## WORK ORDER
Retype exactly what runs from the first line of the data to the line with "２０１８年３月１１日　上高田球場（４回～６回）", keeping both of those lines and skipping pictures.

'''

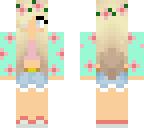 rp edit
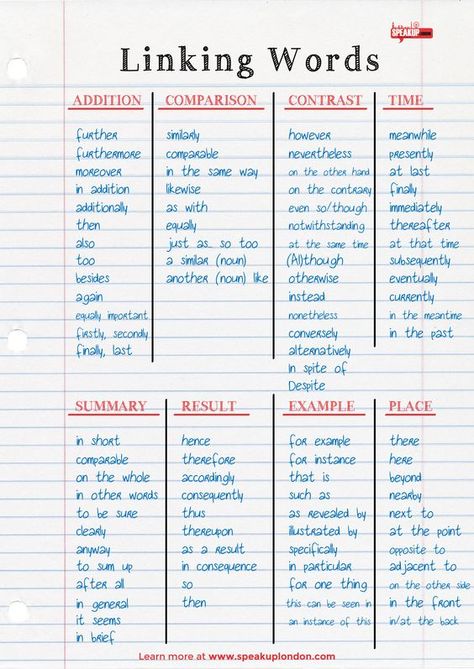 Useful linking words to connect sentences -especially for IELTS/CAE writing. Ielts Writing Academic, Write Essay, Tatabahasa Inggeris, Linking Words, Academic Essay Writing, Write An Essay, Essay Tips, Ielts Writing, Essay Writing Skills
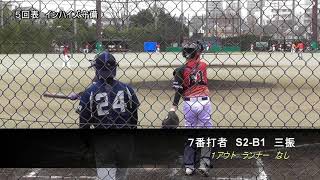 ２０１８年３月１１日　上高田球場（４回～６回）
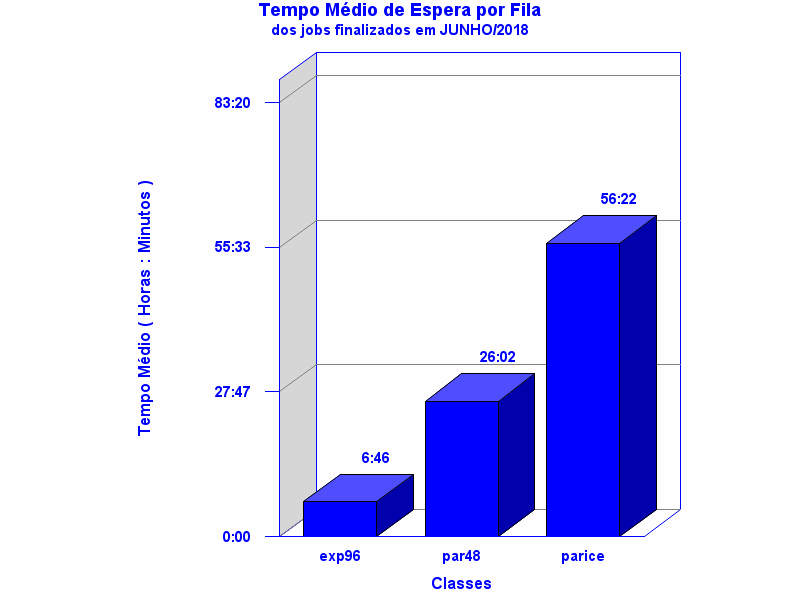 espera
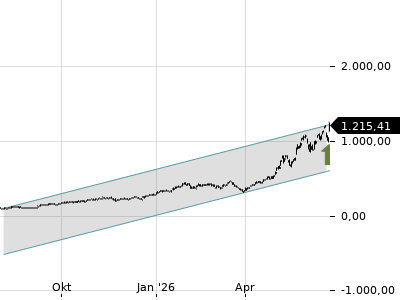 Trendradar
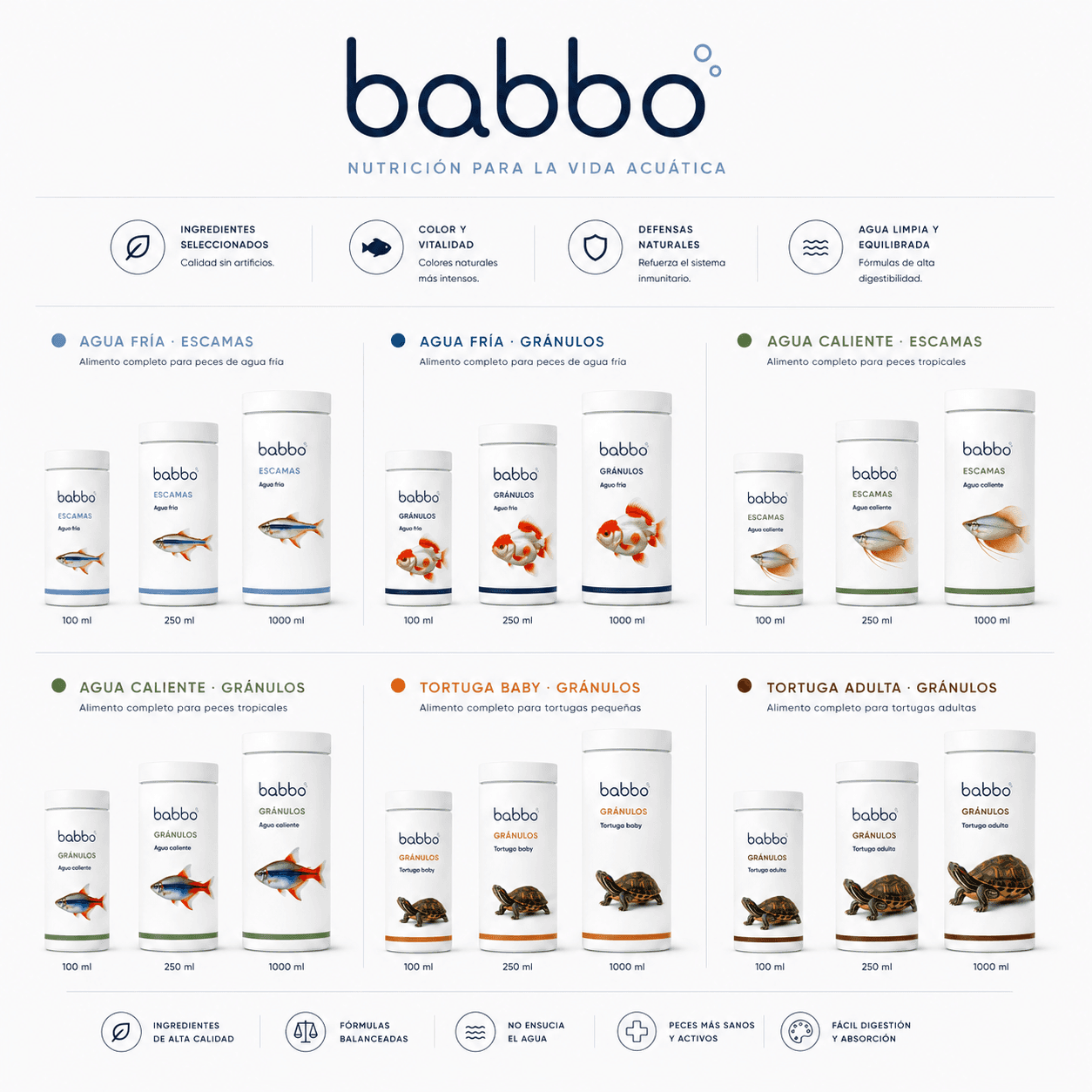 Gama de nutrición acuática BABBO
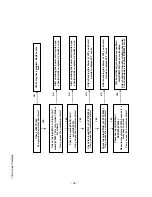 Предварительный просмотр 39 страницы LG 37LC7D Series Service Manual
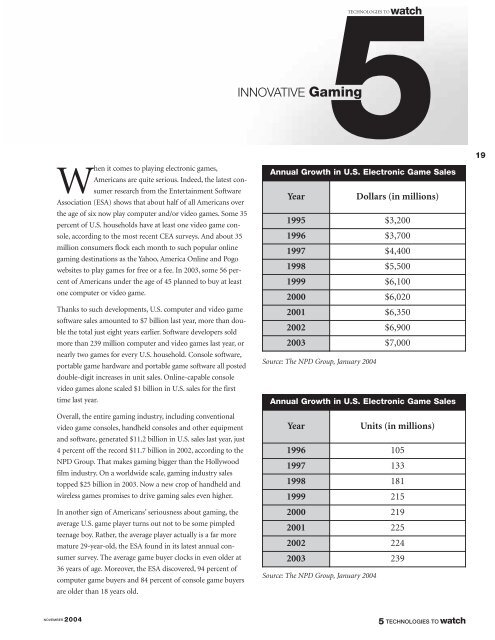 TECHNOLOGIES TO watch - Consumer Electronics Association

'''

## RESPONSE TO THE EXERCISE
 rp edit
 Useful linking words to connect sentences -especially for IELTS/CAE writing. Ielts Writing Academic, Write Essay, Tatabahasa Inggeris, Linking Words, Academic Essay Writing, Write An Essay, Essay Tips, Ielts Writing, Essay Writing Skills
 ２０１８年３月１１日　上高田球場（４回～６回）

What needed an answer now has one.